Pictures must be left out. Print the lines from the beginning of the material through the line holding "Next is olericulture.", exactly and nothing else.

----- DATA FOR ANALYSIS -----

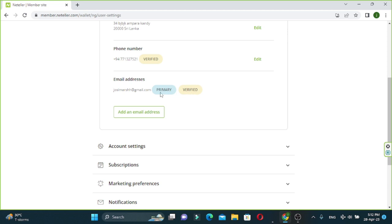It doesn't get verified. Once you get the email code, you can get it the same way. So we can use our email address to verify the email address.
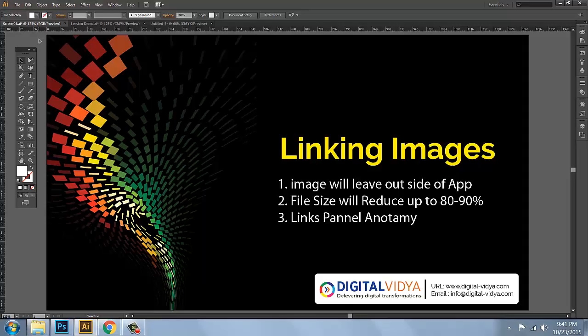So linking is done finally in your file for pre-press and printing. Embedding — but in your local system, linking is the best option. This is the best option. You can reduce the file size by 80–90% because the image stays on the hard disk and you can save the document.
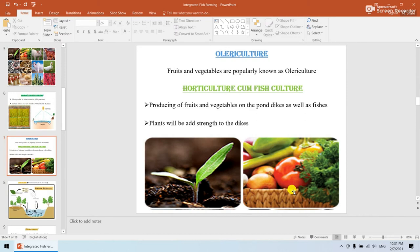Next is olericulture. Fruits and vegetables are popularly known as olericulture. The next system is horticulture-cum-fish culture, which involves producing fruits and vegetables on pond dikes as well as fishes. These plants also provide strength to the dikes.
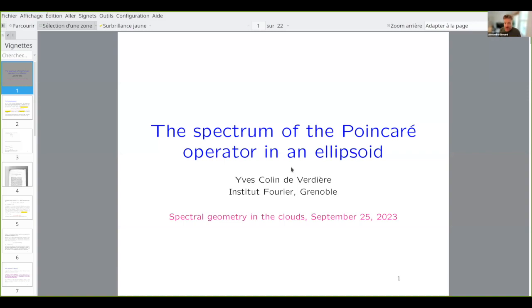Welcome, everyone, to the Spectral Geometry in the Cloud Seminar. Today we have the pleasure of having Yves Collin de Verdier from Institut Fourier, who will speak about the spectrum of the Poincaré operator in an ellipsoid. And the stage is yours.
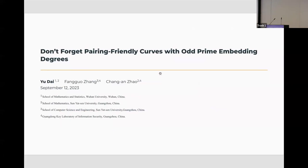Hello everyone, I'm Yuidai. This is a joint work with Fanguo Zhang and Changhan Zhao. My talk is about pairing-friendly curves with odd prime embedding degrees.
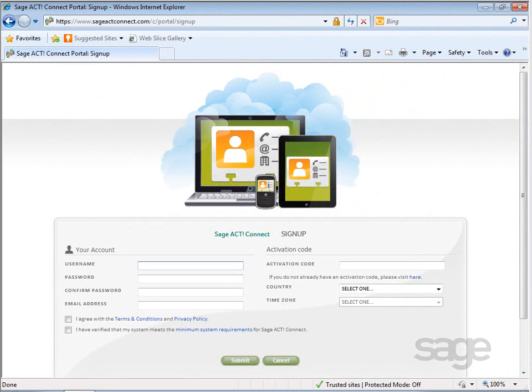Sajak Connect gives you convenient access to the details you need from virtually anywhere. Details like your Sajak contacts and calendar are stored in the cloud so you can quickly pull up that customer address you're headed to, make changes to an existing phone number or email address, and check your meeting schedule for the day. You can do all this from your laptop or popular tablets like the iPad.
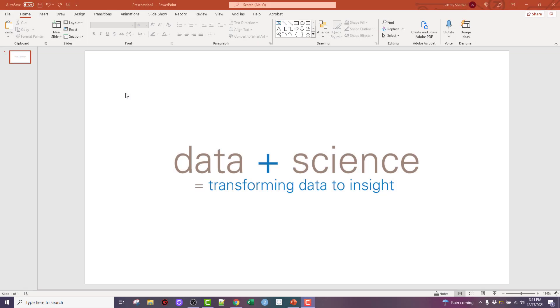Hey everybody, Jeff Schaefer here with datapluscience.com. I ran across a YouTube video from my good friend John Schwabish and he was showing how to make a bracket in PowerPoint. Got me thinking about how I would have done it and so I thought I would just post this in response to that.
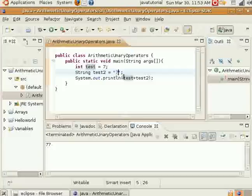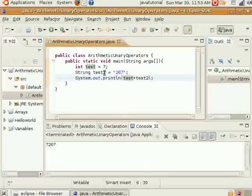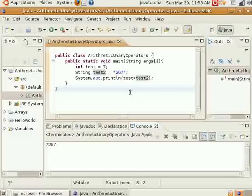So you end up with 7 and 7 scrunched up right next to each other. Test2 is 7 — it automatically turns this into a string and concatenates it with this. So you have to watch out for things like that if you're expecting the right number to come out. That's just one little pitfall right there.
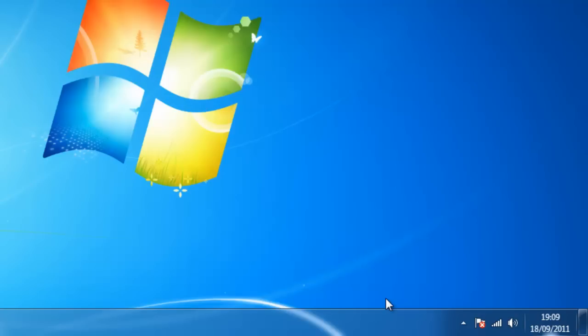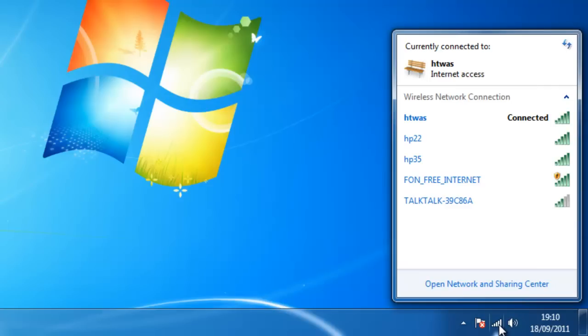So the first thing we need to do is move our mouse down to the white bars in the bottom right hand corner of the screen. Double left click, and up comes a list of wireless networks.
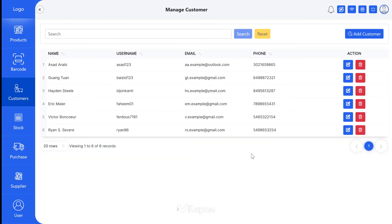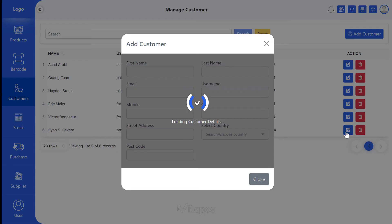After successfully adding a customer, you will get a customer list from where you can easily update or delete a customer. Click the edit button to update the customer.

-----

> [ANSWER AREA]:
It doesn't get verified. Once you get the email code, you can get it the same way. So we can use our email address to verify the email address.
So linking is done finally in your file for pre-press and printing. Embedding — but in your local system, linking is the best option. This is the best option. You can reduce the file size by 80–90% because the image stays on the hard disk and you can save the document.
Next is olericulture. Fruits and vegetables are popularly known as olericulture. The next system is horticulture-cum-fish culture, which involves producing fruits and vegetables on pond dikes as well as fishes. These plants also provide strength to the dikes.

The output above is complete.